Repeat the whole listing below precisely. Omit all pictures.

═════ Data for review

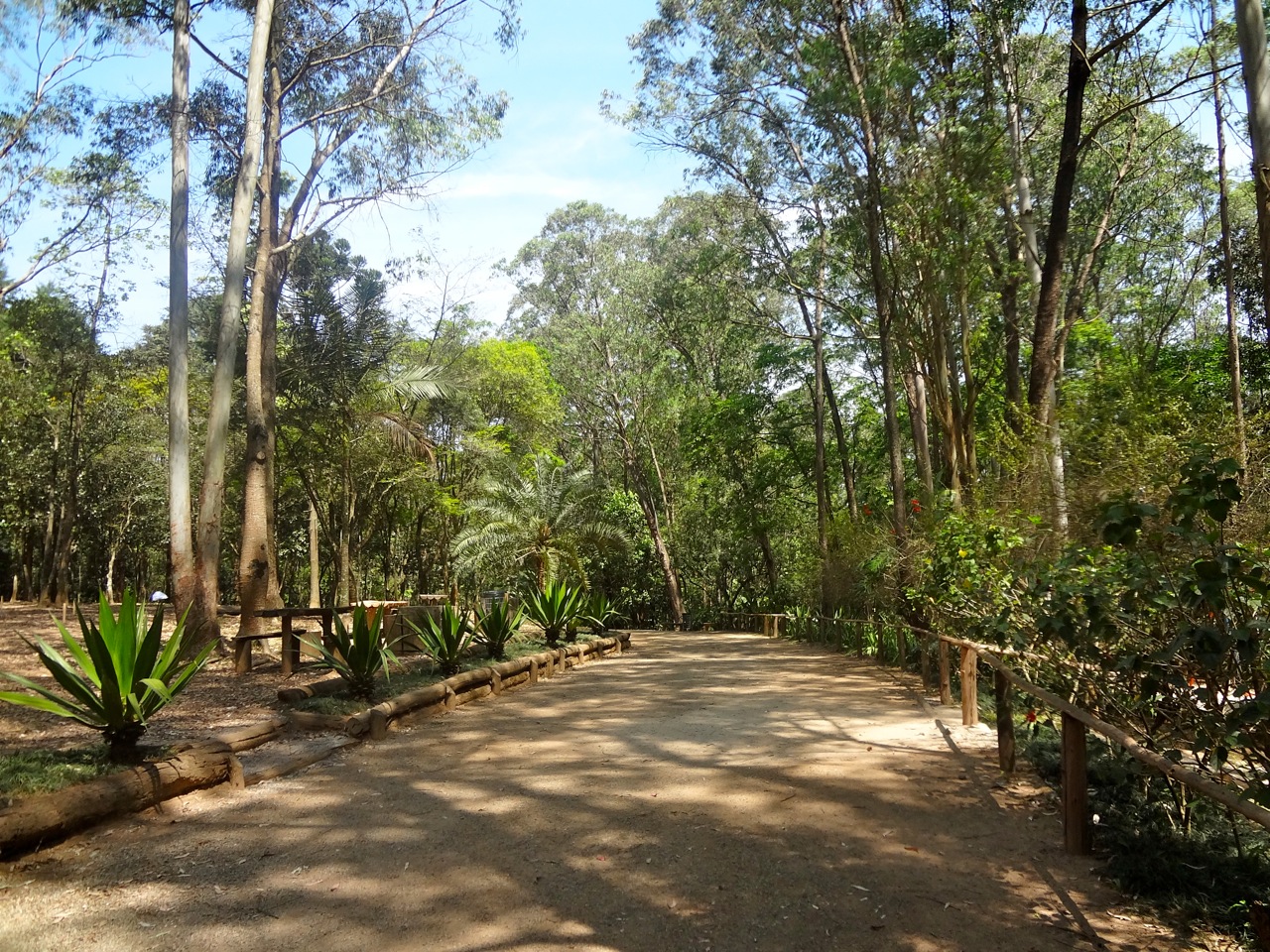 Parque Anhanguera em São Paulo Áreas Verdes das Cidades Guia de Parques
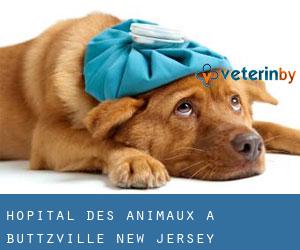 Hôpital des animaux à Buttzville (New Jersey)
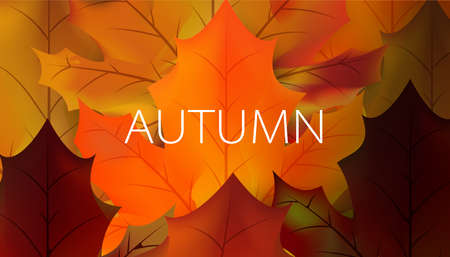 Vector illustration maple leaf in autumn with red, brown, yellow and orange.のイラスト素材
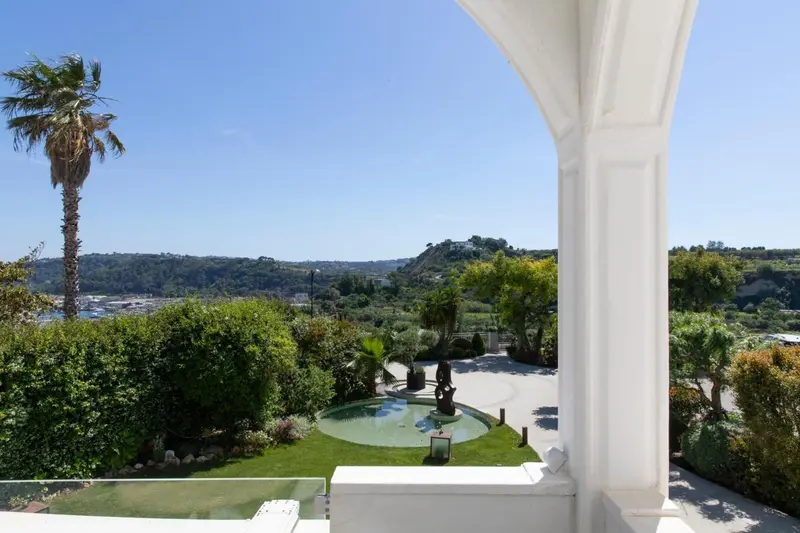 Vue sur un paysage verdoyant avec une piscine et des palmiers.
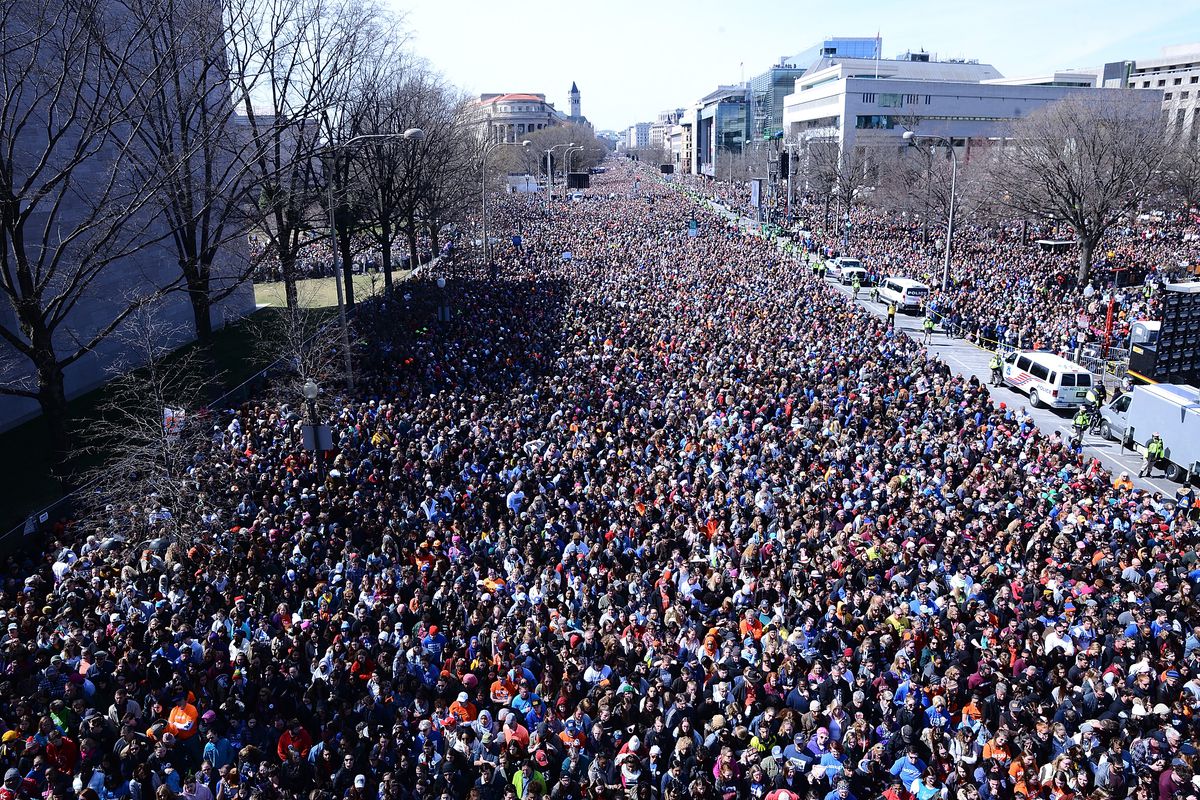 Image Credit: Photo by Shannon Finney/Getty Images – March 24th 2018 - Accessed October 21st, 2018. https://www.vox.com/2018/3/19/17139654/march-for-our-lives-dc-march-24-protest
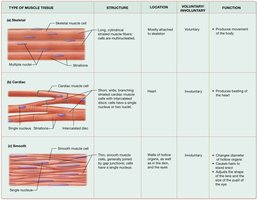 Table comparing muscle tissue types (cardiac highlighted)
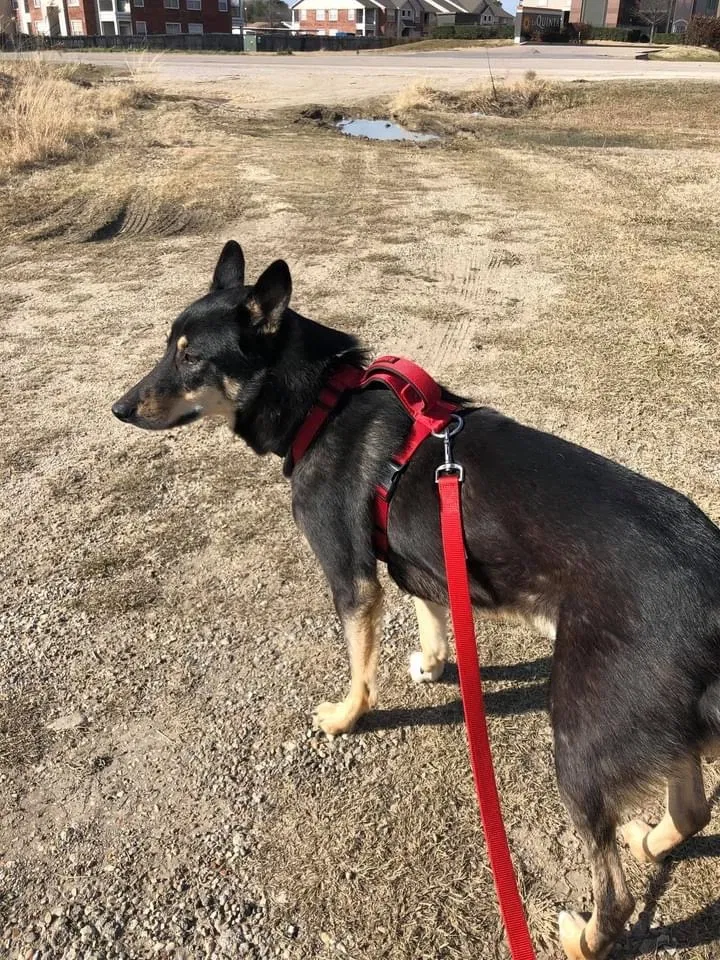 Lost dog in Laredo, TX, 78041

══════════

** Solution to the exercise **
 Parque Anhanguera em São Paulo Áreas Verdes das Cidades Guia de Parques
 Hôpital des animaux à Buttzville (New Jersey)
 Vector illustration maple leaf in autumn with red, brown, yellow and orange.のイラスト素材
 Vue sur un paysage verdoyant avec une piscine et des palmiers.
 Image Credit: Photo by Shannon Finney/Getty Images – March 24th 2018 - Accessed October 21st, 2018. https://www.vox.com/2018/3/19/17139654/march-for-our-lives-dc-march-24-protest
 Table comparing muscle tissue types (cardiac highlighted)
 Lost dog in Laredo, TX, 78041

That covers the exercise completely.